# My new breeding loft



## suepahfly (Mar 19, 2010)

Just thought I'd share a few pics of the breeding Please keep in mind that I had to do this in a long weekend. My other one was destroyed in a storm, thankfully most of the breeders became trapped in their boxes. This was a former dog kennel with the concrete and creosote post already installed. I just modified things to suite my needs. It's 10x30. As you can see I haven't painted yet or finished the trim work. I needed it "bird proof" fast.


----------



## spirit wings (Mar 29, 2008)

The birds look like they are enjoying all that room! good use of what you had there. just to mention the wire, mice and snakes can get through that, so you may want to use the 1/4 hardwire cloth to keep them out.. and will you cover it in the winter from the cold winds.. that is if it is cold where you are.


----------



## Action (Oct 18, 2009)

*Rafters*

Just wondering what is keeping them from flying out from between the rafters? Maybe I just can't see. Love the room!
Jack


----------



## suepahfly (Mar 19, 2010)

The ceiling has the plastic type netting all of the way through the loft. And yes spirit wings you are correct. I plan to use the 1/4" wire at least 3-4 ft up then plan on using something like nursery netting or some screen the rest of the way up to slow the wind. I'm even thinking of 1/4" for the whole front and some type of netting or cloth that I can roll up and down. I also have the open corners and bottom covered with the 1/4" wire. I wanted it ventilated to the max, within reason, since this is only for the breeders. The section where the door is is my walk way/storage area. Eventually there will be breeding sections on each end with a section for hens in the middle next to my walk way.
If anyone has suggestions please feel free to comment. I'm going to be in this loft for a long time and I really don't want to "wish" I'd have done this or that later. I'm sure I'll be modifying it as time goes but I'd rather get it as close to right the first time.


----------



## g0ldenb0y55 (Dec 23, 2008)

Nice and open, I like! What happens when the winds kick in?


----------



## birdkeeper (Jun 24, 2009)

that is a great size loft and with that size you can pretty much do whatever and however you want to accomodate your birds. i am sure when you get done with the loft it will be amazing. keep us posted with pics


----------



## Shadybug Lofts (Mar 13, 2010)

suepahfly said:


> Just thought I'd share a few pics of the breeding Please keep in mind that I had to do this in a long weekend. My other one was destroyed in a storm, thankfully most of the breeders became trapped in their boxes. This was a former dog kennel with the concrete and creosote post already installed. I just modified things to suite my needs. It's 10x30. As you can see I haven't painted yet or finished the trim work. I needed it "bird proof" fast.

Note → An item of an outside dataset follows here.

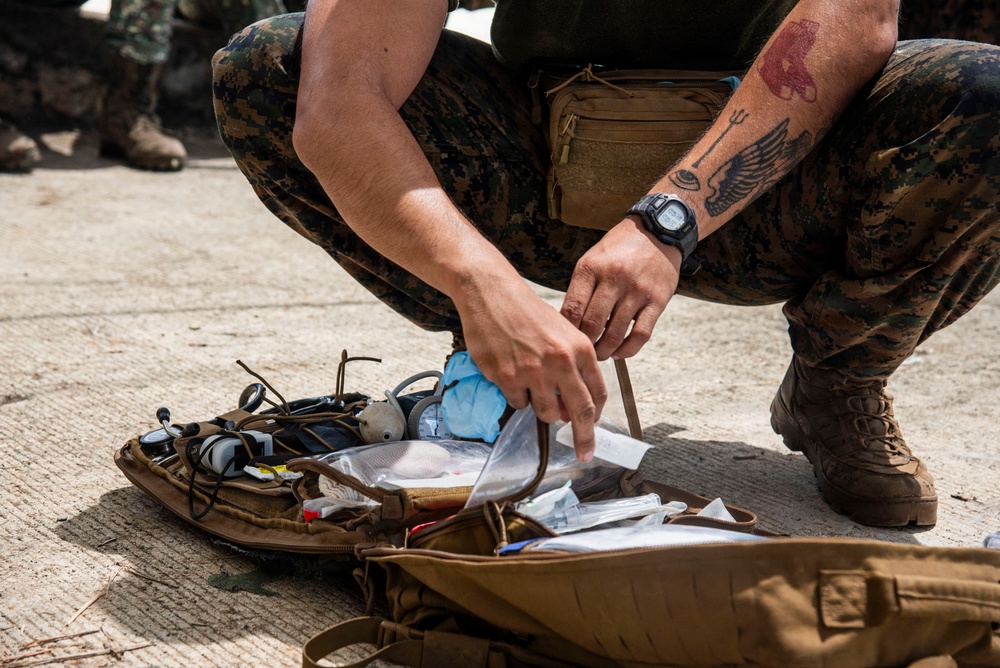 U.S., Philippine Marines train tactical combat casualty care during KAMANDAG 10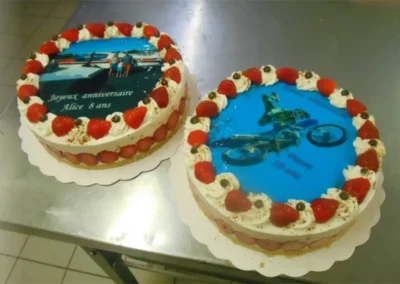 2 fraisiers 10 12 parts avec photo famille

Very nice loft. I have a question. Those blue bullet water containers do you have any problems with them I have one that when you fill it the water never stops and it just keeps running over till its empty and I cant see that there is anything wrong with it.


----------



## suepahfly (Mar 19, 2010)

It isn't nice yet but it's adequate. No problems at all with the drinkers. I have several and they all work fine. Make sure that they are level, if not make sure the air hole is on the low side. If you set the drinker where the air hole is on the high side the water will continue to flow from the low side.


----------



## Shadybug Lofts (Mar 13, 2010)

Ok thanks I got 2 other types a green and a white one and I haven't had any problems with them. I like that you can see into your loft through the wire I just put 1/2" x 1" on my new aviary and i hate it because I think its hard to see the birds. I was going to use 1"x1" but they didn't have any 30" wide so I got 1/2" x1" and I wish I would have checked somewhere else. If I had your loft I would put a couple of those doors that slide on the track at the top like on barns so you could close all or some of it up in the winter or bad rain storms. Just a thought


----------



## wlandmon (Sep 16, 2009)

paint your wire black and you will be able to see your birds


----------



## Shadybug Lofts (Mar 13, 2010)

Really Whats that do cut the glare. I notice when the suns not shining i can see them better.


----------



## spirit wings (Mar 29, 2008)

hope you got it predator proof, they look like sitting ducks there with all those spaces for critters to get in.


----------